Problem to solve
Output the entries exactly as they appear. Pictures should not be included.

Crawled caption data
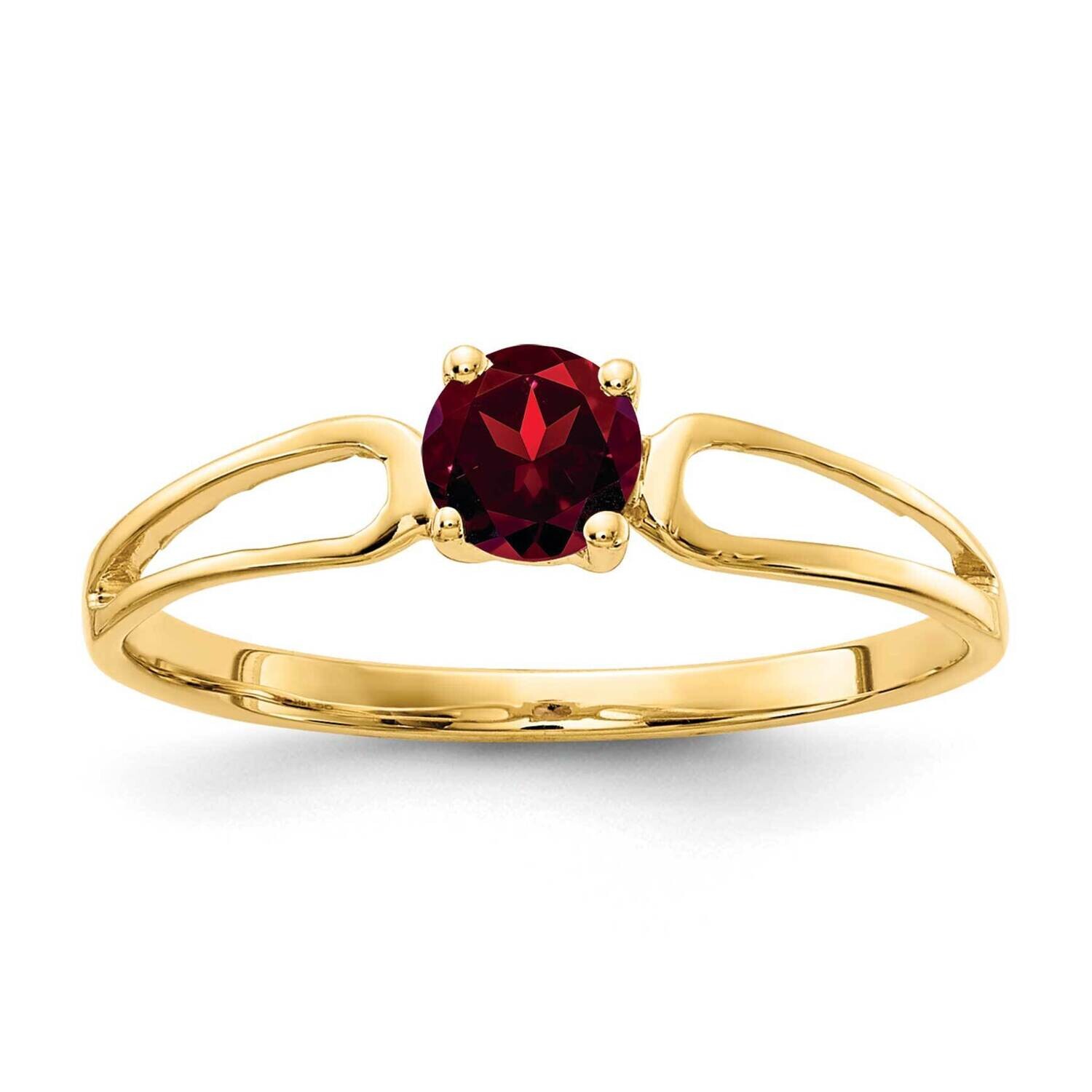 4mm Garnet Ring 14k Gold X9674GA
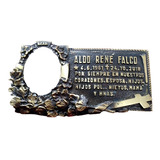 Placa Recordatoria Cementerio 30x16 Fundicion De Bronce Foto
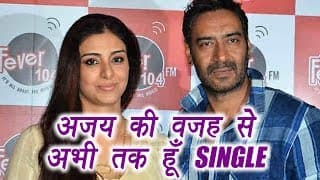 Tabu BLAMES Ajay Devgan for NOT getting MARRIED | FilmiBeat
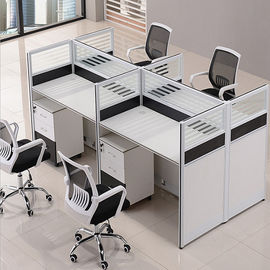Separações do mobiliário de escritório do tamanho padrão, bancos modernos das estações de trabalho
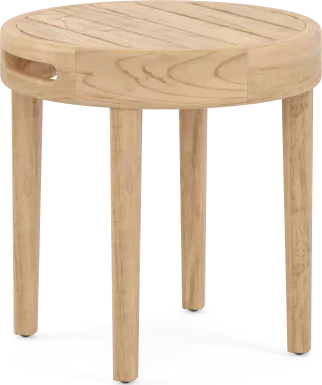 Riva Blonde Outdoor End Table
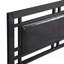Structure de lit simple en métal - Aucun sommier requis, robuste et amp; Durable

The completed task
 4mm Garnet Ring 14k Gold X9674GA
 Placa Recordatoria Cementerio 30x16 Fundicion De Bronce Foto
 Tabu BLAMES Ajay Devgan for NOT getting MARRIED | FilmiBeat
Separações do mobiliário de escritório do tamanho padrão, bancos modernos das estações de trabalho
 Riva Blonde Outdoor End Table
Structure de lit simple en métal - Aucun sommier requis, robuste et amp; Durable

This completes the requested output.